If you want to compute the number of floating point operations for a Decimation In Time radix-2 approach, the you can refer to the following figure:

enter image description here

Let N the length of the sequence to be transformed. There is an overall number of log2N stages and each stage contains N/2 butterflies. Let us then consider the generic butterfly:

enter image description here

Let us rewrite the output of the generic butterfly as

E(i + 1) = E(i) + W * O(i)
O(i + 1) = E(i) - W * O(i)

A butterfly thus involves one complex multiplication and two complex additions. On rewriting the above equations in terms of real and imaginary parts, we have

real(E(i + 1)) = real(E(i)) + (real(W) * real(O(i)) - imag(W) * imag(O(i)))
imag(E(i + 1)) = imag(E(i)) + (real(W) * imag(O(i)) + imag(W) * real(O(i)))
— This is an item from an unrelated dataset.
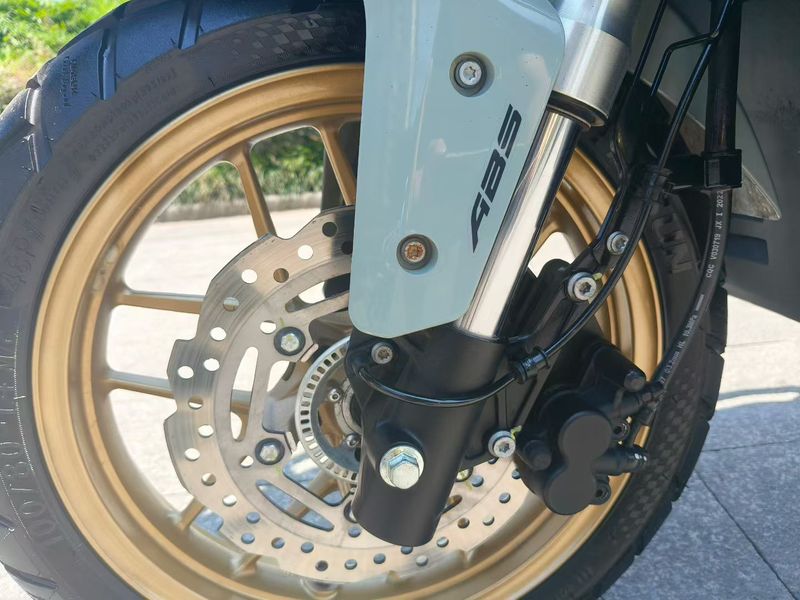 二手布雷斯通极宙 ADV150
real(O(i + 1)) = real(O(i)) - (real(W) * real(O(i)) - imag(W) * imag(O(i)))
imag(O(i + 1)) = imag(O(i)) - (real(W) * imag(O(i)) + imag(W) * real(O(i)))

Accordingly, we have

4 multiplications

real(W) * real(O(i)), 
imag(W) * imag(O(i)), 
real(W) * imag(O(i)), 
imag(W) * real(O(i)).

6 sums

real(W) * real(O(i)) – imag(W) * imag(O(i))     (1)
real(W) * imag(O(i)) + imag(W) * real(O(i))     (2)
real(E(i)) + eqn.1
imag(E(i)) + eqn.2
real(E(i)) – eqn.1
imag(E(i)) – eqn.2

Therefore, the number of operations for the Decimation In Time radix 2 approach are

2N * log2(N) multiplications
3N * log2(N) additions

These operation counts may change if the multiplications are differently arranged, see Complex numbers product using only three multiplications.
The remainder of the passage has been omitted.